■ Your task
Below is a block of entries, which should be copied verbatim apart from the pictures.

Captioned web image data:
..............................
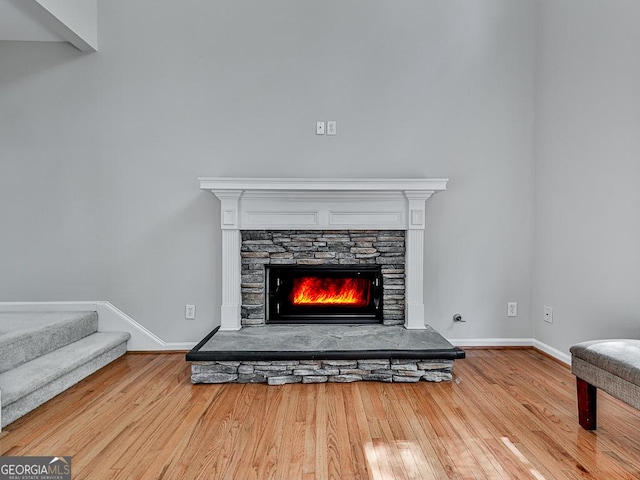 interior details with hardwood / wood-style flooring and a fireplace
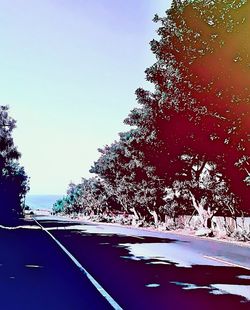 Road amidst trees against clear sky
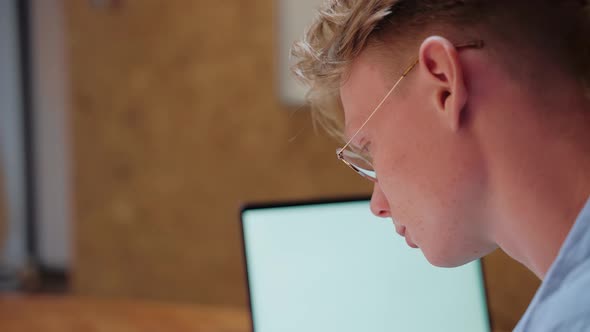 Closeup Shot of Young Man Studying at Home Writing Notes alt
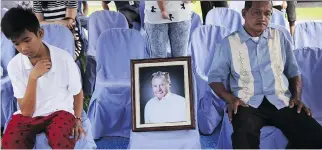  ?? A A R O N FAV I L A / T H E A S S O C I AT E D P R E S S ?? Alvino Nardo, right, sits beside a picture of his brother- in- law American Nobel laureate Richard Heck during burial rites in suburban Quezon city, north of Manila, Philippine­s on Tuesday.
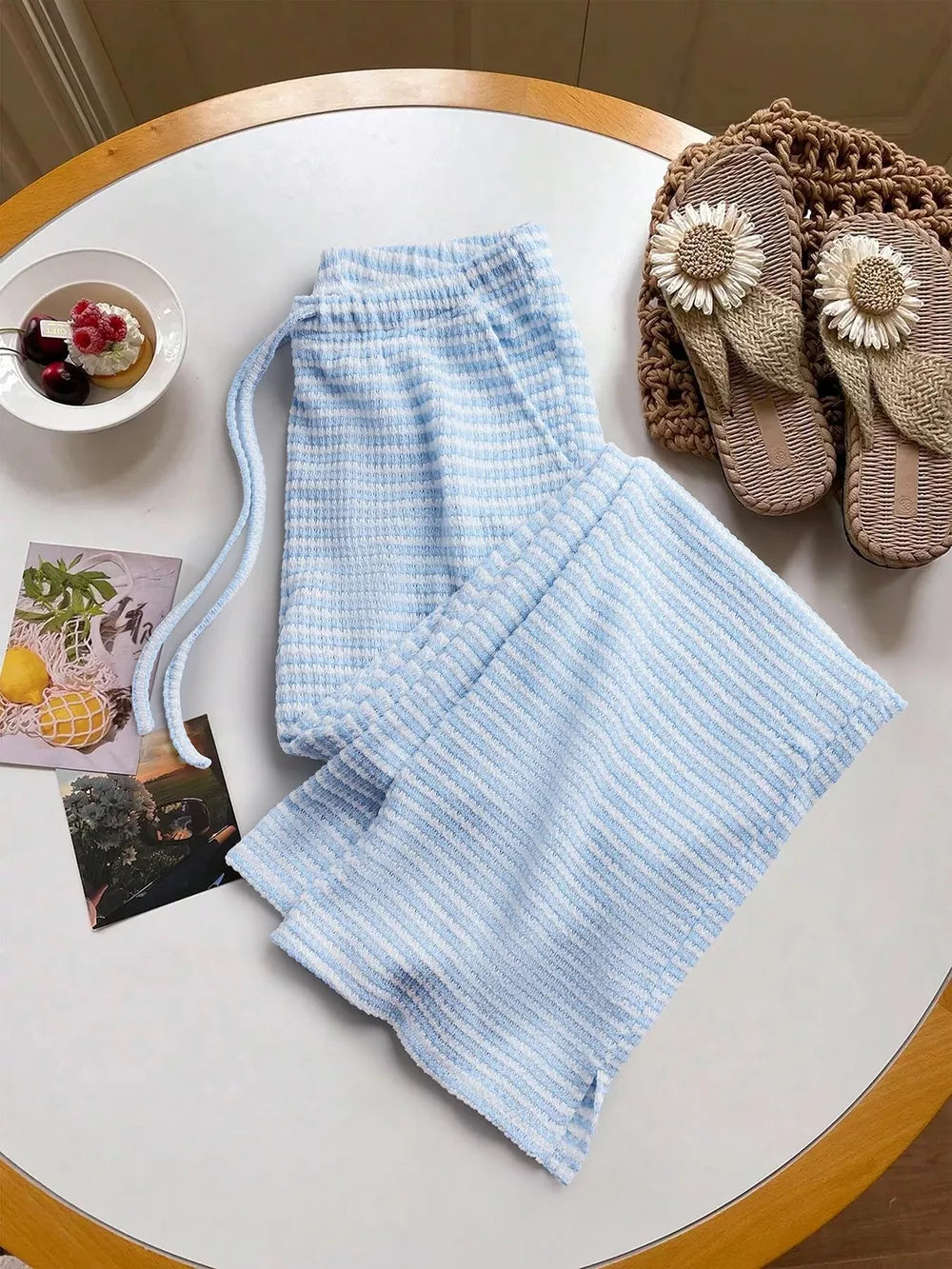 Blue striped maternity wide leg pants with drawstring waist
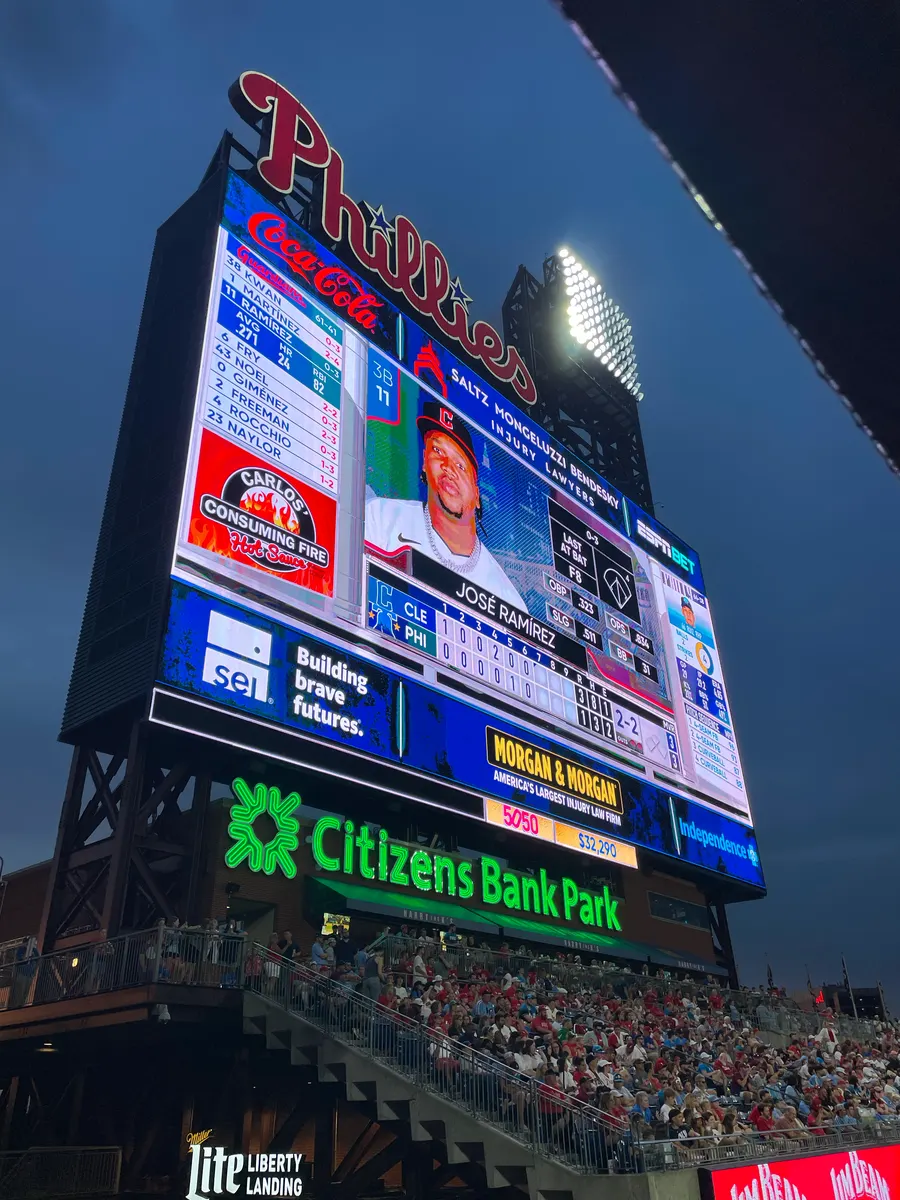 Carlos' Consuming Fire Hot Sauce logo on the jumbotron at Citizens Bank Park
..............................
■ Response to the task
 interior details with hardwood / wood-style flooring and a fireplace
 Road amidst trees against clear sky
 Closeup Shot of Young Man Studying at Home Writing Notes alt
  ?? A A R O N FAV I L A / T H E A S S O C I AT E D P R E S S ?? Alvino Nardo, right, sits beside a picture of his brother- in- law American Nobel laureate Richard Heck during burial rites in suburban Quezon city, north of Manila, Philippine­s on Tuesday.
 Blue striped maternity wide leg pants with drawstring waist
 Carlos' Consuming Fire Hot Sauce logo on the jumbotron at Citizens Bank Park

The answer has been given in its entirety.